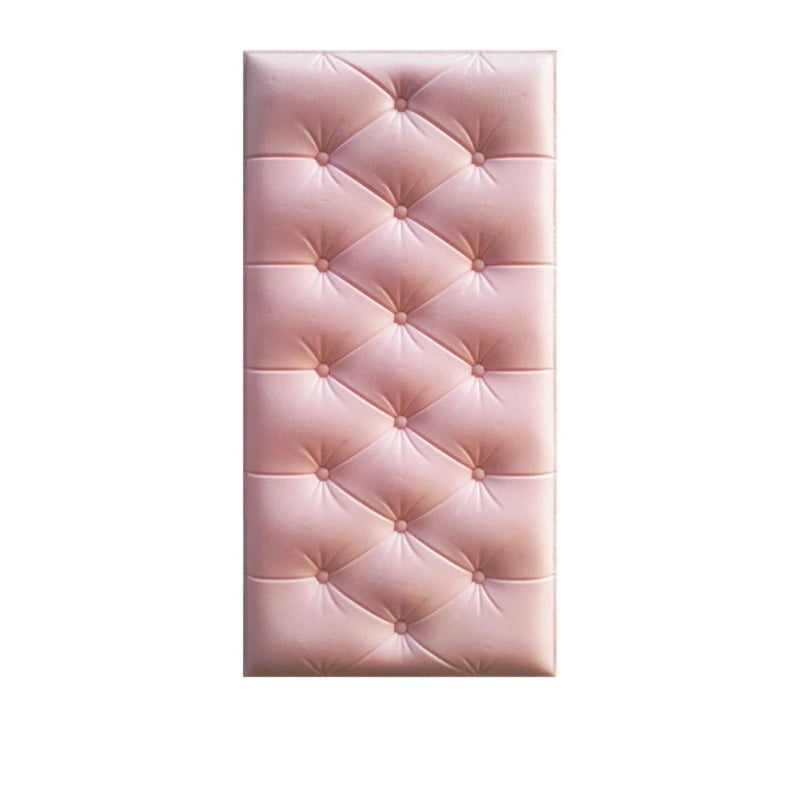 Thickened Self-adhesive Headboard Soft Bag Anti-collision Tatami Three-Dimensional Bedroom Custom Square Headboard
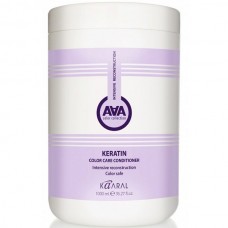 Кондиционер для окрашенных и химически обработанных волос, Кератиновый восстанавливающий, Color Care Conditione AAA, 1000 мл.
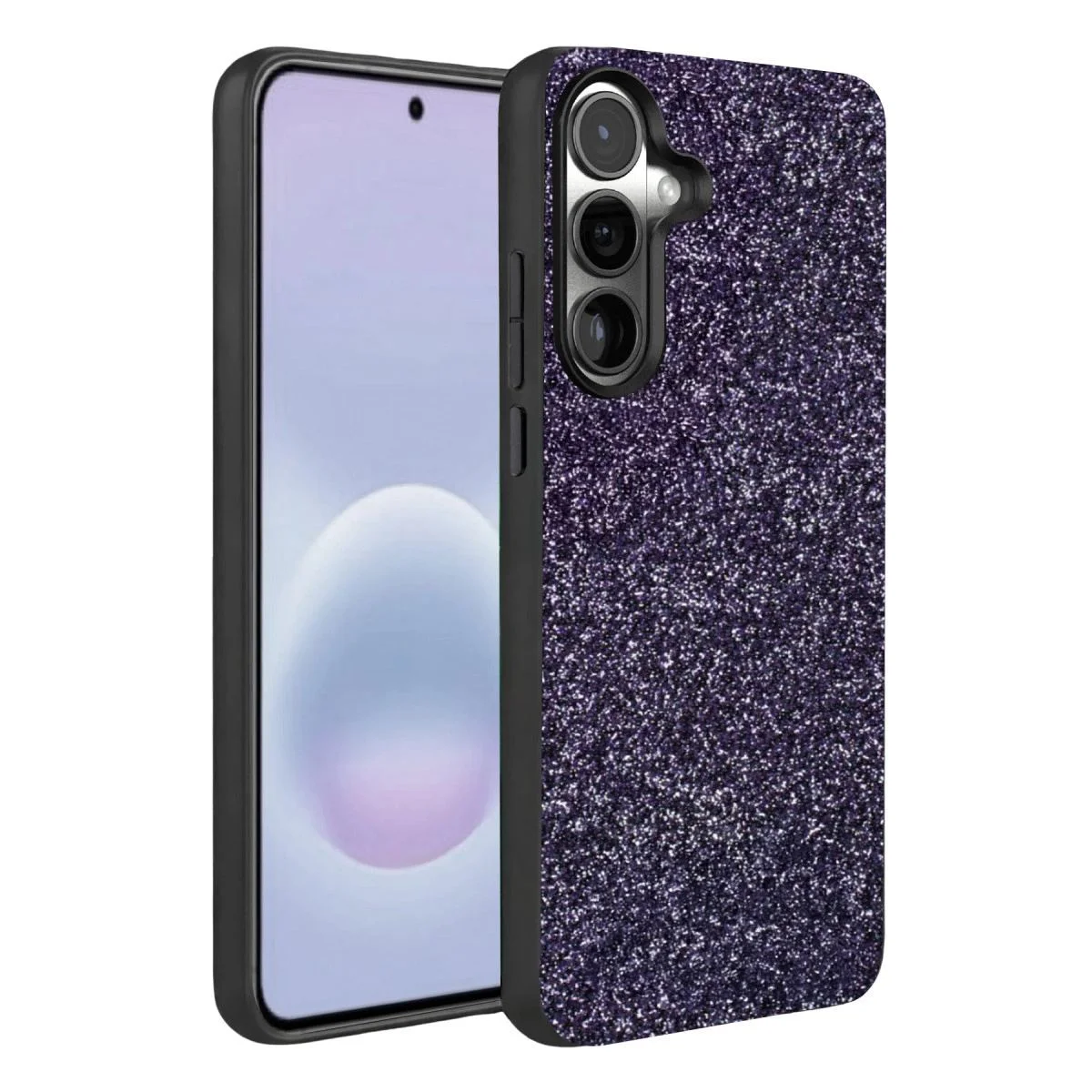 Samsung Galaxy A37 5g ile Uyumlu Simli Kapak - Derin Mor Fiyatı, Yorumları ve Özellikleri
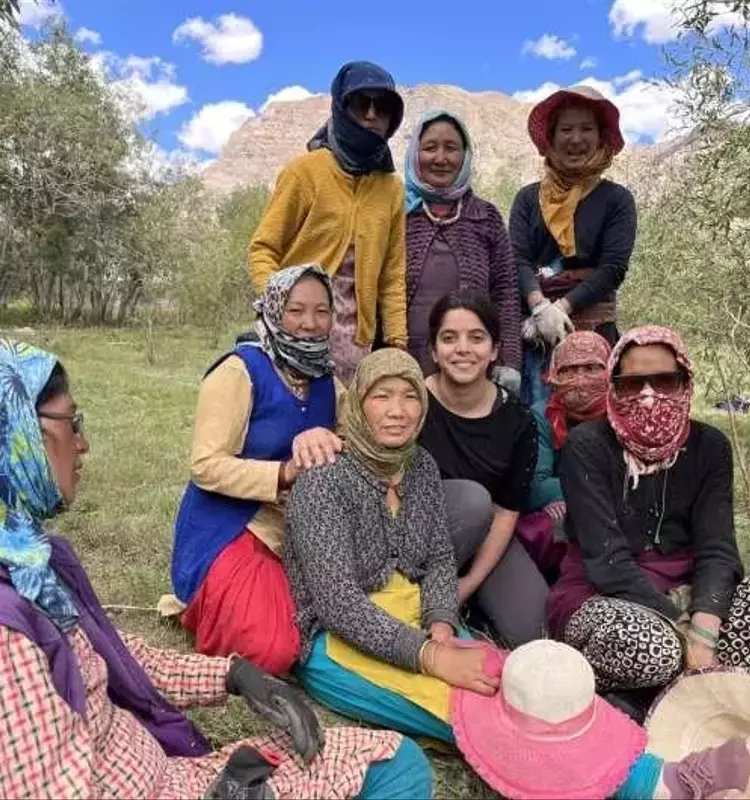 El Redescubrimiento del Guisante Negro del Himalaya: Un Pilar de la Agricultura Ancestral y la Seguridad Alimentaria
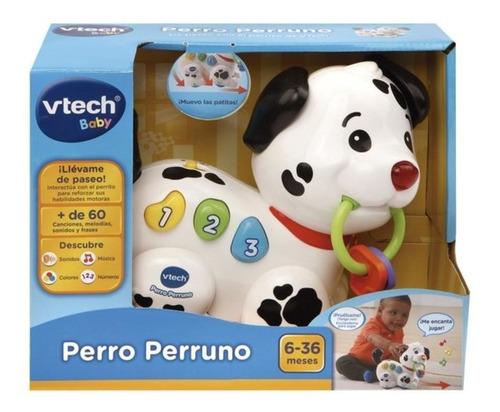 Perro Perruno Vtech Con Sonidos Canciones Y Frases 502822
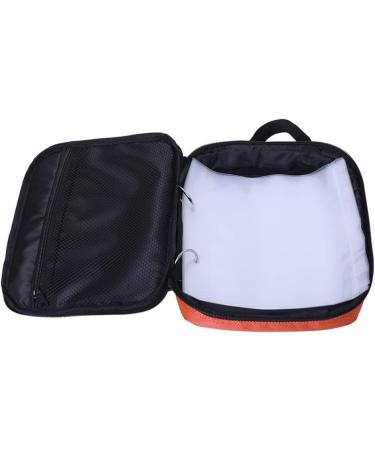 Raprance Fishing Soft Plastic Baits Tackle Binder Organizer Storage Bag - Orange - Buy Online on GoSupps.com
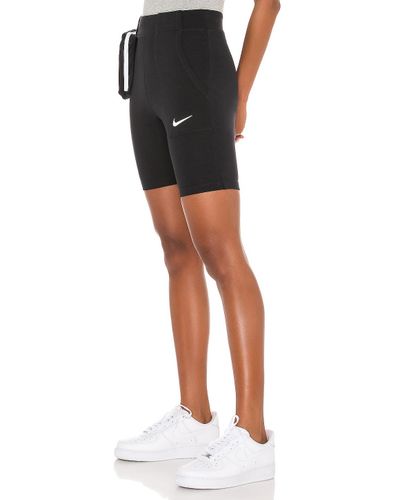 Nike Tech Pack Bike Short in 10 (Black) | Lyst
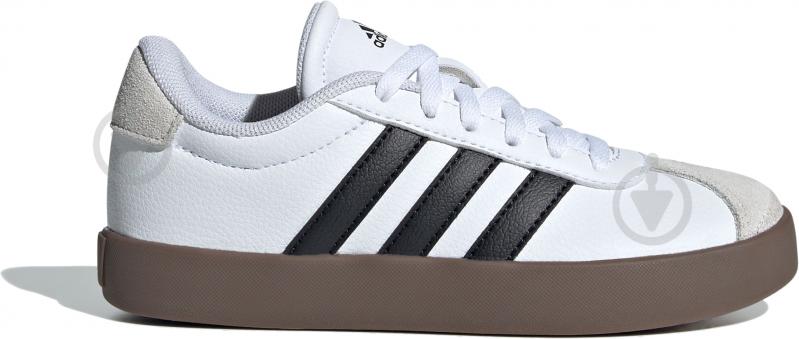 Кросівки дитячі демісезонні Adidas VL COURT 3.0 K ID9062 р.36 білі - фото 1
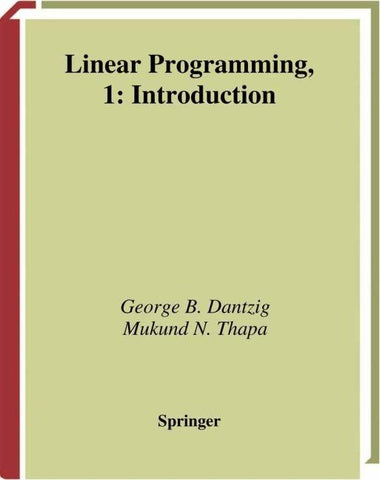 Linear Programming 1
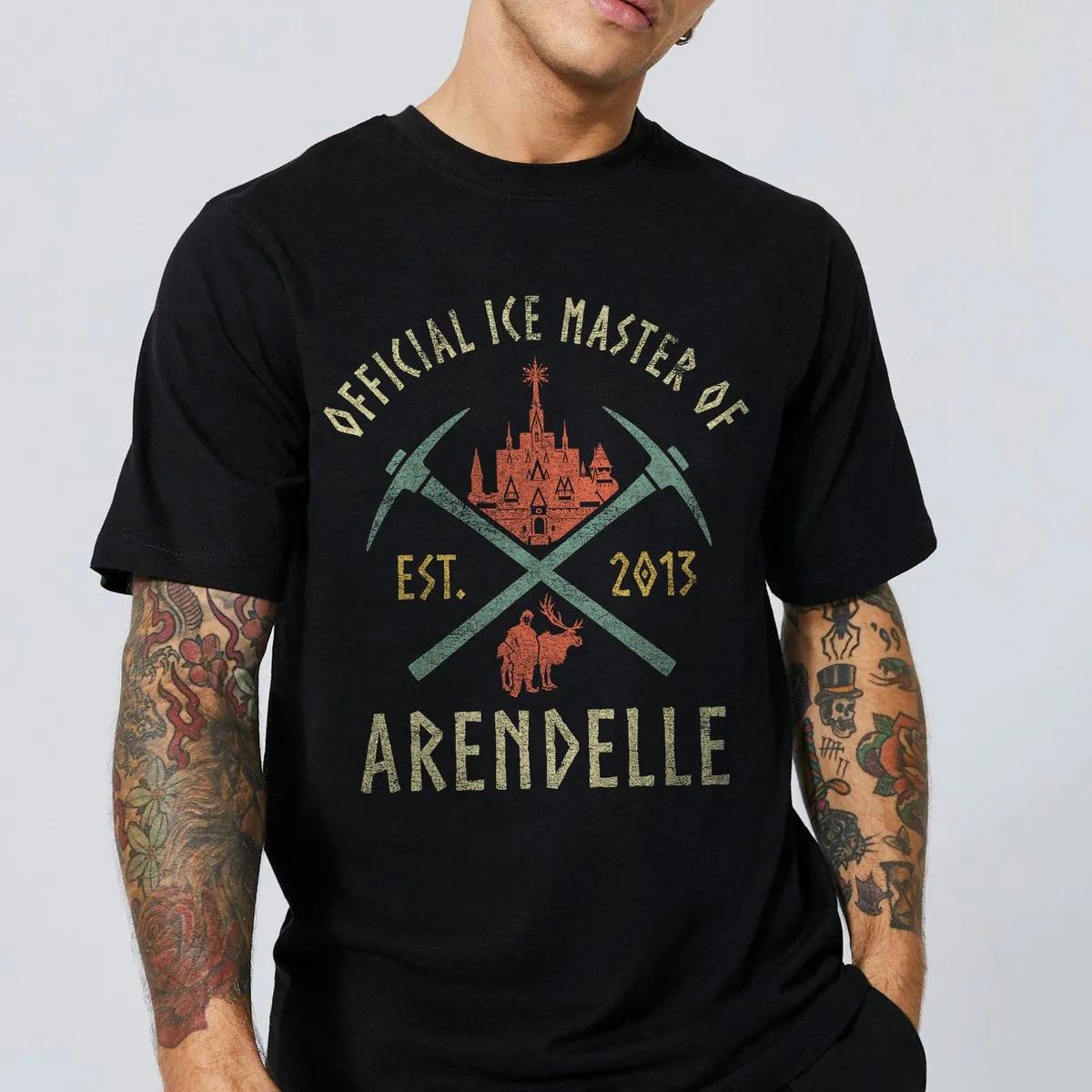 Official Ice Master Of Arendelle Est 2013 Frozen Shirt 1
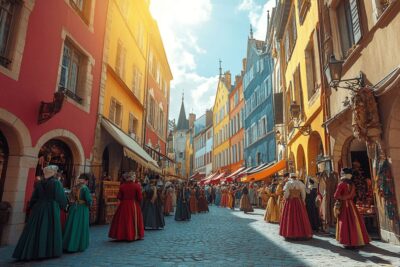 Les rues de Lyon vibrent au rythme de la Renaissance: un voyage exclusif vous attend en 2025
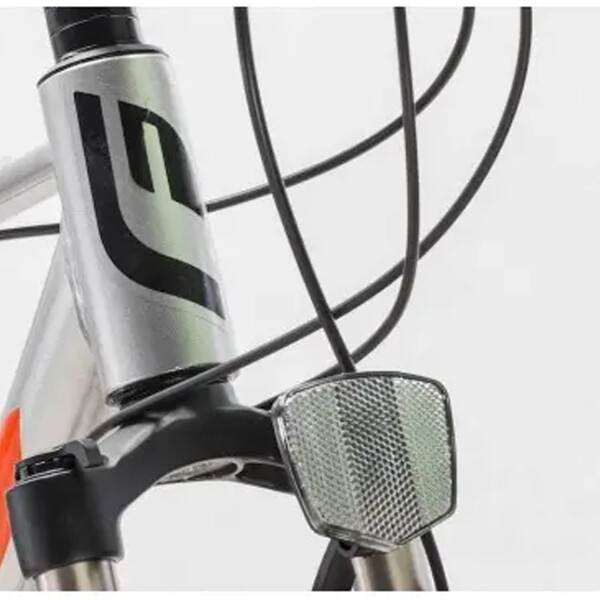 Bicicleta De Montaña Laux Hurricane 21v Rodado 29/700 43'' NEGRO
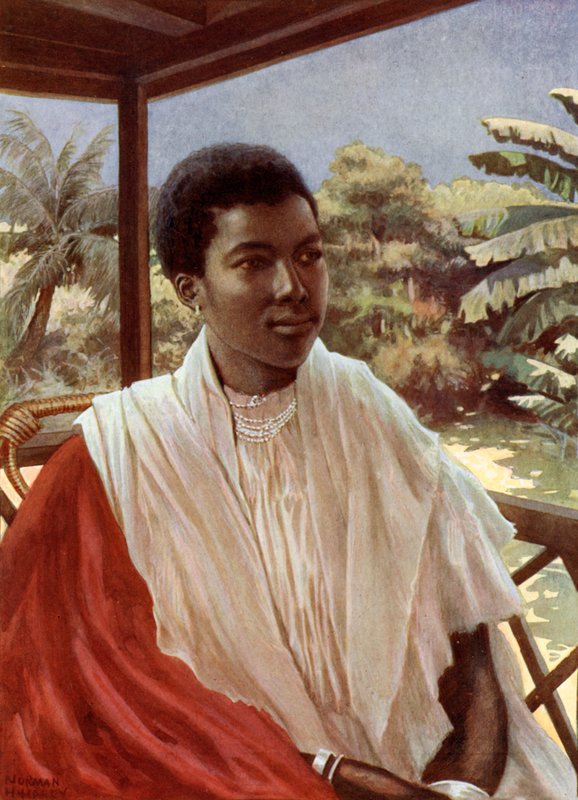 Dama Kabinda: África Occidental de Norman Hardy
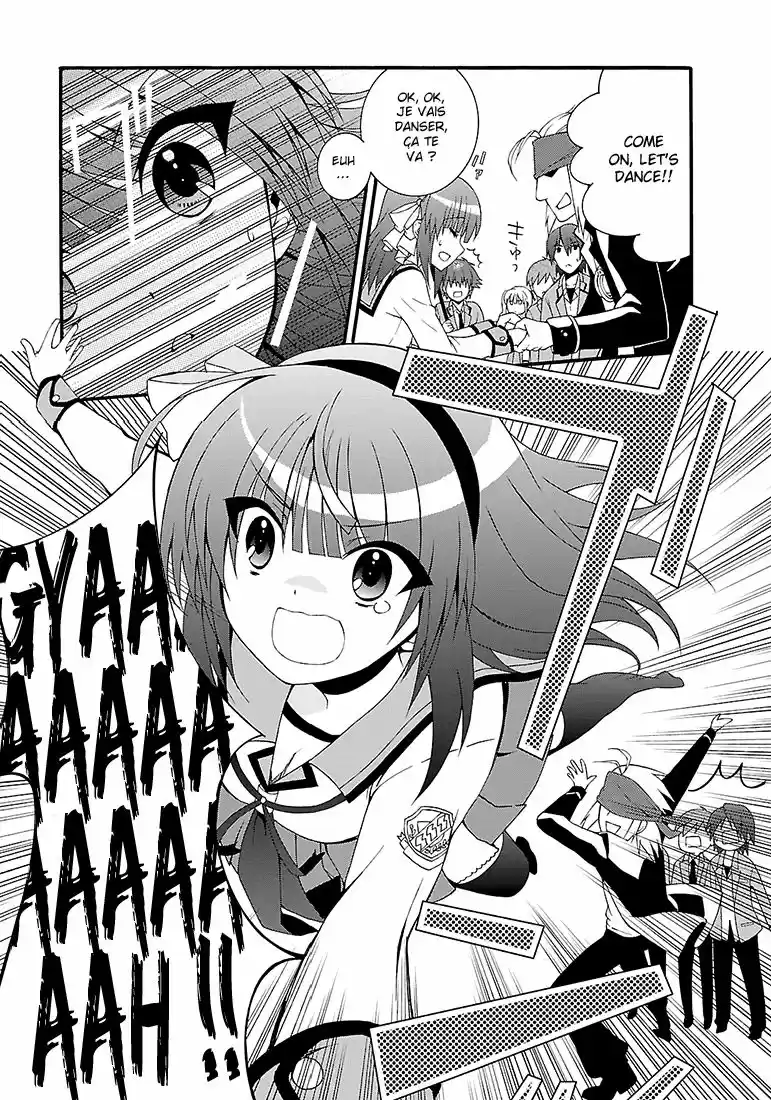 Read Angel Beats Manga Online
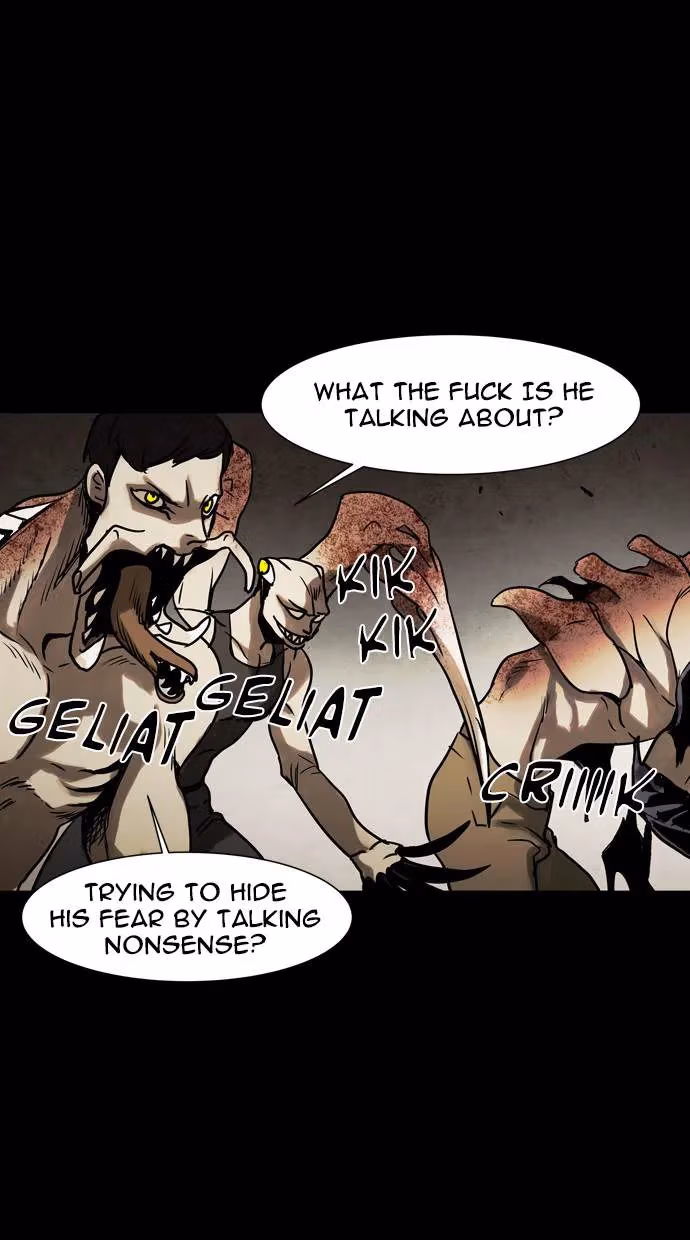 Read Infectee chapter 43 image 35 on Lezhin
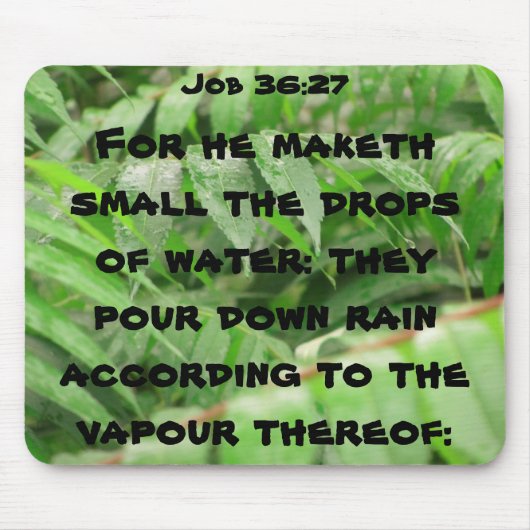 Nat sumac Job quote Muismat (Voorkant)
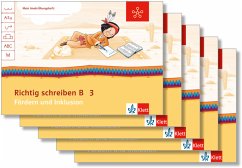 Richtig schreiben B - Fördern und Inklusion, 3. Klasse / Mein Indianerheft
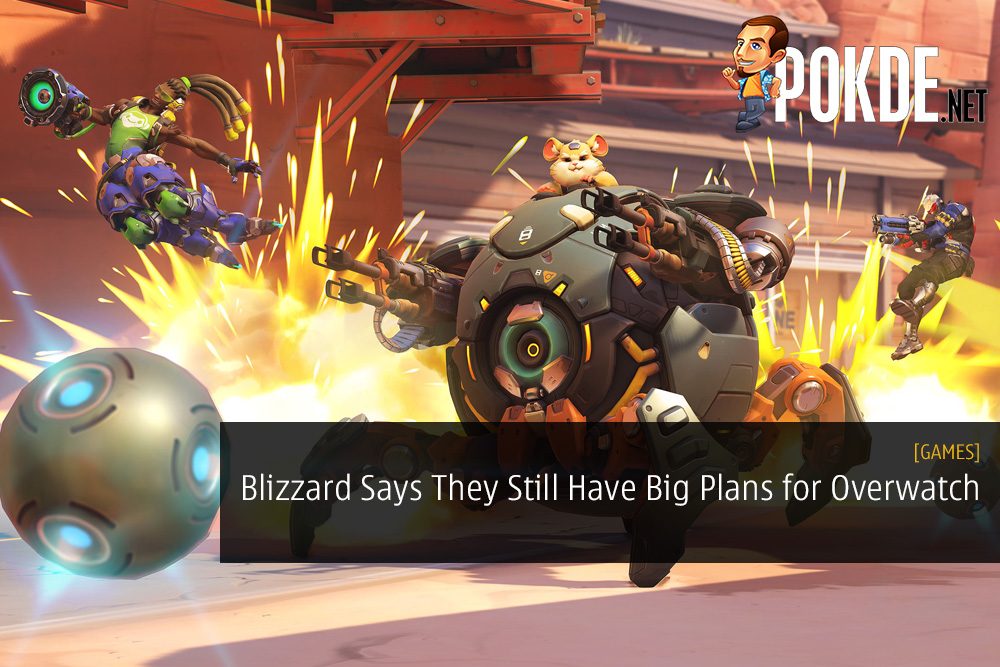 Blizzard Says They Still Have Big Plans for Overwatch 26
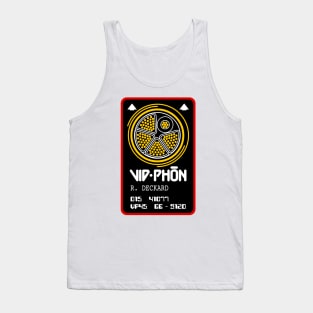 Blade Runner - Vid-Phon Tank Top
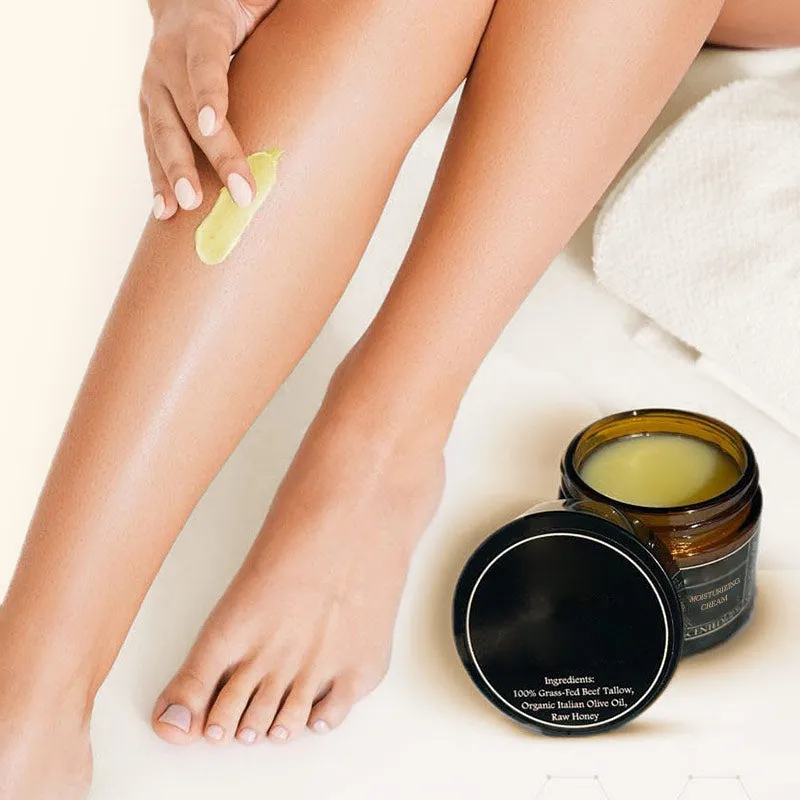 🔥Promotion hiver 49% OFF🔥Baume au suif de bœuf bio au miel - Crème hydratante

§ **EXERCISE OBJECTIVE**: Repeat the listing in full and to the letter, excluding every image.

§ **TASK ANSWER**:
 Thickened Self-adhesive Headboard Soft Bag Anti-collision Tatami Three-Dimensional Bedroom Custom Square Headboard
 Кондиционер для окрашенных и химически обработанных волос, Кератиновый восстанавливающий, Color Care Conditione AAA, 1000 мл.
 Samsung Galaxy A37 5g ile Uyumlu Simli Kapak - Derin Mor Fiyatı, Yorumları ve Özellikleri
 El Redescubrimiento del Guisante Negro del Himalaya: Un Pilar de la Agricultura Ancestral y la Seguridad Alimentaria
 Perro Perruno Vtech Con Sonidos Canciones Y Frases 502822
 Raprance Fishing Soft Plastic Baits Tackle Binder Organizer Storage Bag - Orange - Buy Online on GoSupps.com
 Nike Tech Pack Bike Short in 10 (Black) | Lyst
 Кросівки дитячі демісезонні Adidas VL COURT 3.0 K ID9062 р.36 білі - фото 1
 Linear Programming 1
 Official Ice Master Of Arendelle Est 2013 Frozen Shirt 1
 Les rues de Lyon vibrent au rythme de la Renaissance: un voyage exclusif vous attend en 2025
 Bicicleta De Montaña Laux Hurricane 21v Rodado 29/700 43'' NEGRO
 Dama Kabinda: África Occidental de Norman Hardy
 Read Angel Beats Manga Online
 Read Infectee chapter 43 image 35 on Lezhin
 Nat sumac Job quote Muismat (Voorkant)
 Richtig schreiben B - Fördern und Inklusion, 3. Klasse / Mein Indianerheft
 Blizzard Says They Still Have Big Plans for Overwatch 26
 Blade Runner - Vid-Phon Tank Top
 🔥Promotion hiver 49% OFF🔥Baume au suif de bœuf bio au miel - Crème hydratante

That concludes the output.